─── SOURCE MATERIAL
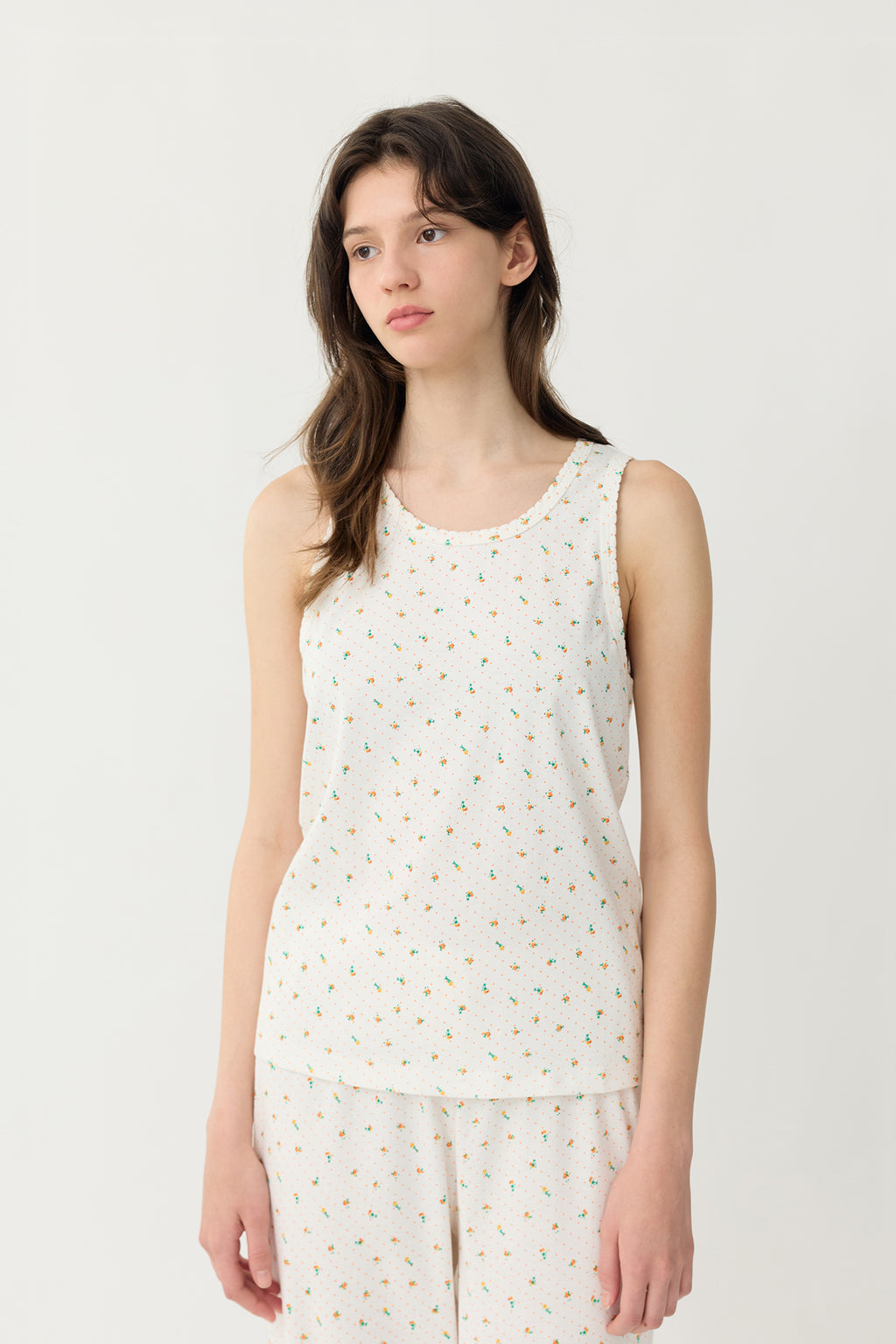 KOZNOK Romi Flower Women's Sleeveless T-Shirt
──────
─── SOURCE MATERIAL
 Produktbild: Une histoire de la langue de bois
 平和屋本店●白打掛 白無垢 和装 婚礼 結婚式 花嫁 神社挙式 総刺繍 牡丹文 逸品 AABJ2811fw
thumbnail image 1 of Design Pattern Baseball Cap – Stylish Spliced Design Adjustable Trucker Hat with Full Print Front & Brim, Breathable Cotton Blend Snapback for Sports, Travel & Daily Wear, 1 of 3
──────
─── SOURCE MATERIAL
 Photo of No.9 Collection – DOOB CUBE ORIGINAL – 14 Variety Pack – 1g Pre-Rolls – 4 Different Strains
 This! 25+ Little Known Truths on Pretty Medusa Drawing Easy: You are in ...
──────
▸ **EXERCISE DIRECTIONS**
Using the material above, transcribe exactly the lines from the line with "平和屋本店●白打掛 白無垢 和装" to the line with "thumbnail image 1"; both count, and nothing else goes in.

▸ **REPLY**
 平和屋本店●白打掛 白無垢 和装 婚礼 結婚式 花嫁 神社挙式 総刺繍 牡丹文 逸品 AABJ2811fw
thumbnail image 1 of Design Pattern Baseball Cap – Stylish Spliced Design Adjustable Trucker Hat with Full Print Front & Brim, Breathable Cotton Blend Snapback for Sports, Travel & Daily Wear, 1 of 3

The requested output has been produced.